Application of an Artificial Neural Network for Airborne Magnetic Data Discrimination

Artificial neural networks (ANN) are computational constructs that attempt to mimic the workings of the human brain with respect to the brain’s ability to detect patterns. ANNs can be trained to determine which class an object belongs to based on selected inputs. the objective of this work was to develop and apply an artificial neural network to discriminate ordnance from non-ordnance based on input derived from airborne magnetic data. A training set was constructed for the ANN from existing data acquired over known items: ordnance, exploded fragments, and non-ordnance. the goal was to be able to predict whether the source of a magnetic anomaly was produced by ordnance. the output classes fell into one of two categories. Either the item of interest was unexploded ordnance (UXO) or it was not unexploded ordnance (non-UXO).
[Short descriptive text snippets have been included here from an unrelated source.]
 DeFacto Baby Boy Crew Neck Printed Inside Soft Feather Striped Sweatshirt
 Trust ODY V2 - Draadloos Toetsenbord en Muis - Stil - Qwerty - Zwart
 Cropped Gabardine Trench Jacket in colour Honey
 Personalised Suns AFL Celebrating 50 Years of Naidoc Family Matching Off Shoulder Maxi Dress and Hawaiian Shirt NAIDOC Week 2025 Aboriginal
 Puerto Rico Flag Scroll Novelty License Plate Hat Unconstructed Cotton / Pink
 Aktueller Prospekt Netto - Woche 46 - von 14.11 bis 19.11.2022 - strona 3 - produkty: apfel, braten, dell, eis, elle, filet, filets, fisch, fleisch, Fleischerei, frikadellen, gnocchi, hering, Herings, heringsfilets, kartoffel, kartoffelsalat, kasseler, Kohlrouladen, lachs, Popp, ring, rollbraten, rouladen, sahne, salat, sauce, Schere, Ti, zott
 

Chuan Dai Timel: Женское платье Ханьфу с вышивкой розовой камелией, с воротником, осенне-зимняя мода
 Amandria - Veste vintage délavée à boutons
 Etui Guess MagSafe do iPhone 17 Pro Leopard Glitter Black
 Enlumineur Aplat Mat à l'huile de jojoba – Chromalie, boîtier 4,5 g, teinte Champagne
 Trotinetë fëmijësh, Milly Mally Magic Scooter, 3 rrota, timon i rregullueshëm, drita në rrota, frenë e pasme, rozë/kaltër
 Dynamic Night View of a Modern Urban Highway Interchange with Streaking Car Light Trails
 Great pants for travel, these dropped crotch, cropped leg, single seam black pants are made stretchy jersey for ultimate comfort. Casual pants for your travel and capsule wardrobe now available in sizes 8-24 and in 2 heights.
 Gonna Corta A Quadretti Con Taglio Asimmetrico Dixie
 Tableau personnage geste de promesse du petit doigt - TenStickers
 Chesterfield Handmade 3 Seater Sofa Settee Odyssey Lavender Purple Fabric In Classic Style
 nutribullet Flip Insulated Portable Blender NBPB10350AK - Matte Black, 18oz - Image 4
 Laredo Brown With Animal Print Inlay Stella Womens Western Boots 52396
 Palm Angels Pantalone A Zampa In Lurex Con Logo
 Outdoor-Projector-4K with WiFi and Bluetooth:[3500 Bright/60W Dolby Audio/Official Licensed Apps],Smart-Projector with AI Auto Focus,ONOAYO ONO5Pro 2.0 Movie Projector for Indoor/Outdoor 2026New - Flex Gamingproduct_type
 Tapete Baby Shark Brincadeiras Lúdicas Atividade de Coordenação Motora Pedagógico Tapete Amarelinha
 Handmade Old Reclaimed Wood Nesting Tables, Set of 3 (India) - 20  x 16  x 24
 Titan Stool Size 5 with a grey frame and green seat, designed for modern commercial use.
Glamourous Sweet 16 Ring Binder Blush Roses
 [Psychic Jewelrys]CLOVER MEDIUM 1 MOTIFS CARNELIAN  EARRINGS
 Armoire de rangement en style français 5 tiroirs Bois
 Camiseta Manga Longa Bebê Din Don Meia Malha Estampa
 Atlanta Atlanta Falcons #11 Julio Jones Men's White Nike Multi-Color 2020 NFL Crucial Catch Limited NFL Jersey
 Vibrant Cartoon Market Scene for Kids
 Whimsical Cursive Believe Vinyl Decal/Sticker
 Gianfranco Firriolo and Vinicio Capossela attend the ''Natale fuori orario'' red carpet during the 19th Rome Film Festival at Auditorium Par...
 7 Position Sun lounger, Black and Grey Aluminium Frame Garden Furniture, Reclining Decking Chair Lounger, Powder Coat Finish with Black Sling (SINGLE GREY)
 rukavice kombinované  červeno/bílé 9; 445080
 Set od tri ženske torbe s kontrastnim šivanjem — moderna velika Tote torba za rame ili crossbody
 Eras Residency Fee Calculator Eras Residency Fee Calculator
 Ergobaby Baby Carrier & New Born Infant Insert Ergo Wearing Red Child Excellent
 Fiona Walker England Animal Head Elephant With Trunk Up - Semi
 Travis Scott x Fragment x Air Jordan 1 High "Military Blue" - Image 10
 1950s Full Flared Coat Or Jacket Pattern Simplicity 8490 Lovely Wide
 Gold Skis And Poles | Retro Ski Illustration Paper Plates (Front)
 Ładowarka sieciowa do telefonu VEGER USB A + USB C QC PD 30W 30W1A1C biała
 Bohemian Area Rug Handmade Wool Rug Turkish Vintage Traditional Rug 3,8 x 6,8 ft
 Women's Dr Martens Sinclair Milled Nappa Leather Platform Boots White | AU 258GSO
This latter category included geology, fragments from exploded ordnance, and non-ordnance items. the low-altitude magnetic data were inverted for source parameters (depth, magnetic moment, and orientation) to generate various parameters that served as input to the ANN. using this training data set, weighting coefficients were computed. the reliability of the ANN was verified and validated using a subset of data with known solutions that were not included in the original training set, and the ANN successfully reduced the number of false positives. in the original assessment of this dataset the analytic signal was to prioritize the anomalies and resulted in a ratio of false positives to true items of 42:75 at 50% target detection and 74:150 at 100% detection. using the ANN on this same dataset the ratio of false positives to true items was improved 5:75 at 50% detection and 68:150 at 100% detection. the use of this ANN will improve the efficiency of the airborne data through enhanced target picking and reduced sampling and excavation costs.